C’est dans cette atmosphère que les frères Grimm ont commencé leur œuvre d’historiens de la langue et leur enquête sur les antiquités nationales de l’Allemagne, qui ont fait d’eux les fondateurs de la philologie allemande.

La première partie de cette œuvre est constituée par les Contes d’enfants et du foyer (Kinder- und Hausmärchen, 2 vol., 1812-1814) et par les Légendes allemandes (Deutsche Sagen, 2 vol., 1816-1818). Ces deux ouvrages passent, à juste titre, pour un monument national. Pourtant, ils sont l’œuvre personnelle des frères Grimm. Les notes que ceux-ci avaient prises en écoutant les gens du peuple sont, le plus souvent, schématiques et sans couleur. Les récits, rédigés en particulier par Wilhelm Grimm, sont beaucoup plus développés ; rien n’a été changé à la donnée, mais les formes et la couleur sont l’apport déterminant du conteur.
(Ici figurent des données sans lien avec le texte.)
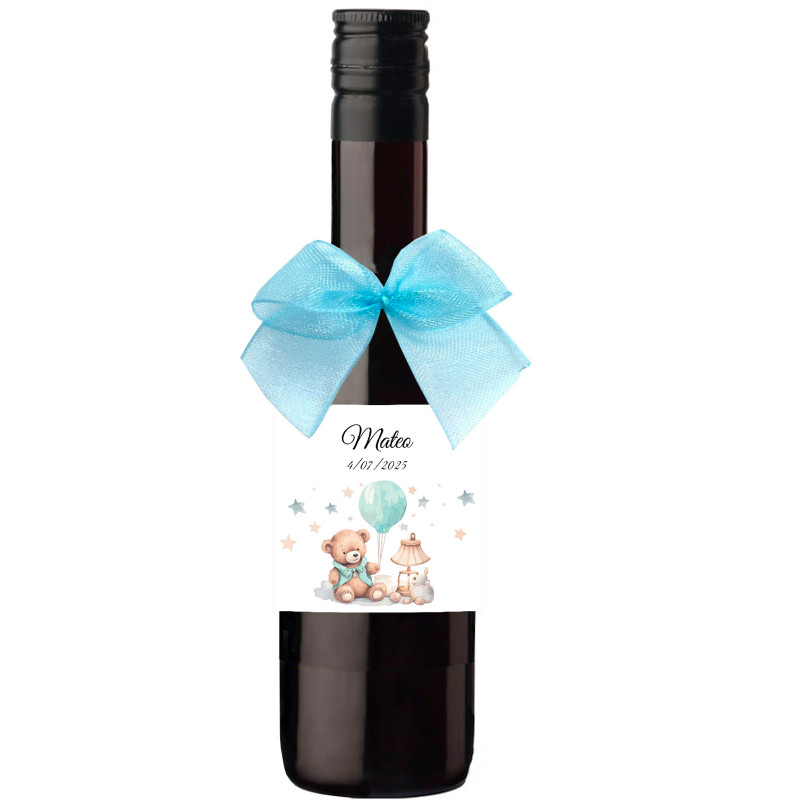 Garrafa de vinho com decoração de batismo
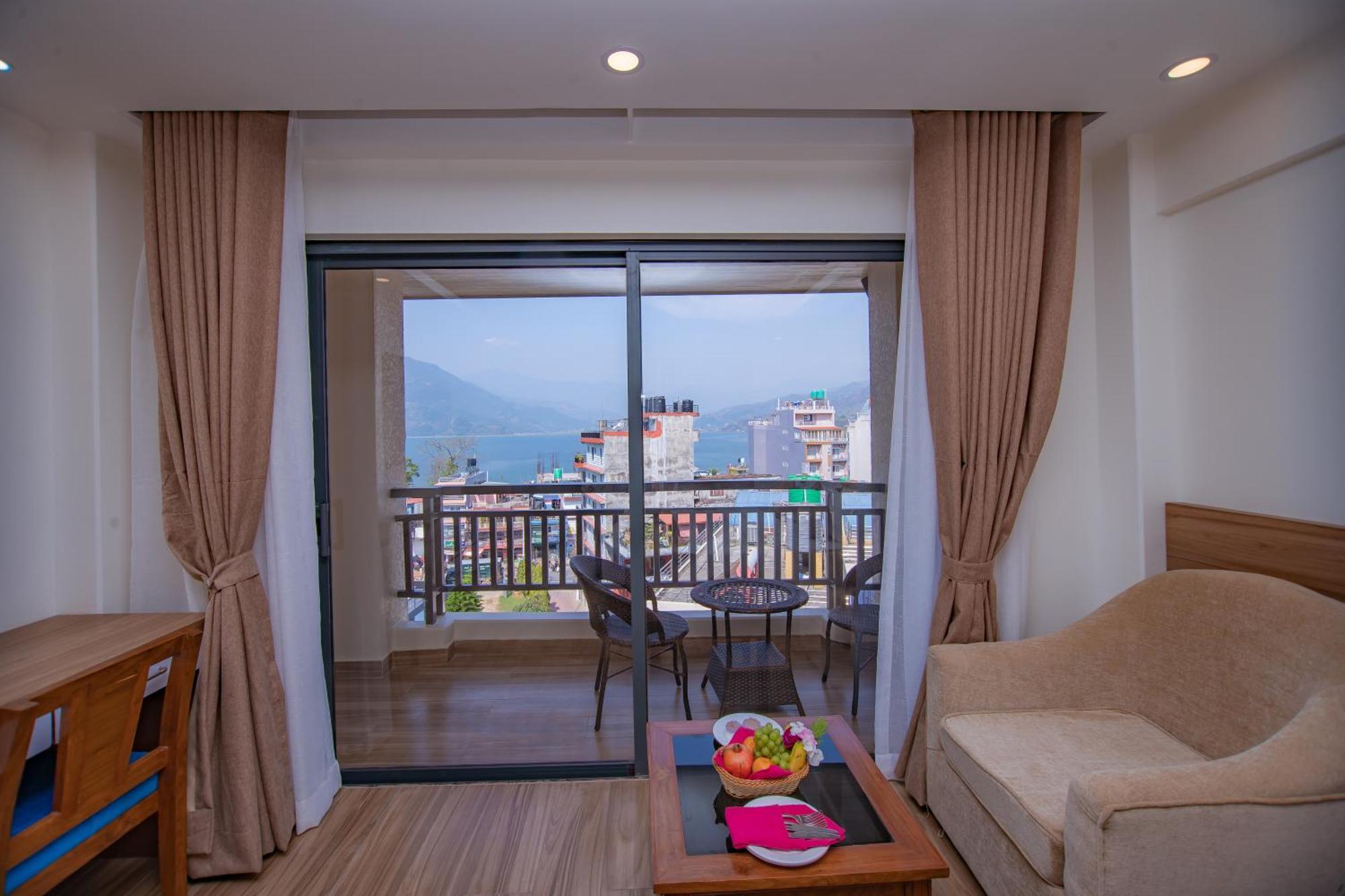 Hotel Pokhara Village & Spa 外观 照片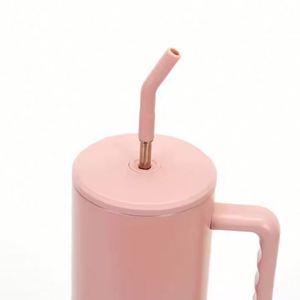 Gobelet isotherme double paroi en acier inoxydable avec poignée et paille, personnalisable avec logo, pour l'extérieur, écologique, pour voiture, vente en gros - Product Image 3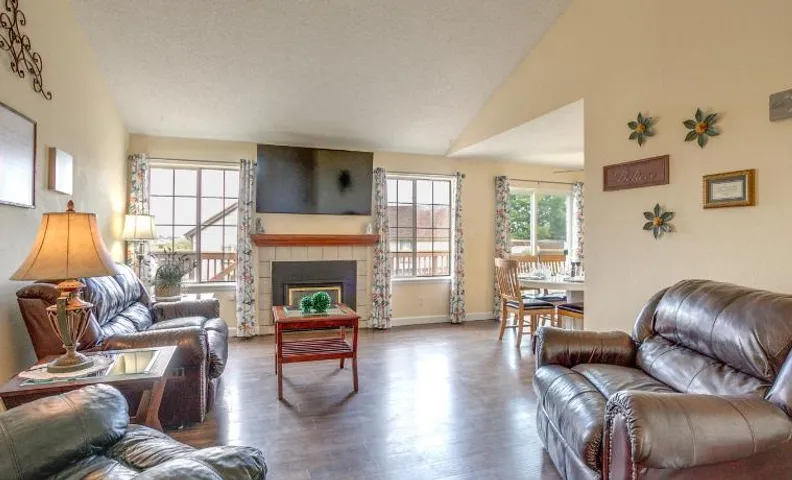 Grill, Fireplace & Fenced-In Yard: Thornton Home!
Dans la philosophie comme dans la philologie des frères Grimm, tout ce qui est attesté par l’usage constitue la vérité d’une langue qui évolue et se développe comme un être vivant. La Grammaire allemande, de Jacob Grimm, publiée en quatre volumes de 1819 à 1837, a posé les fondements — entre autres, la loi de Grimm — des études de syntaxe et de morphologie, germaniques ou comparées.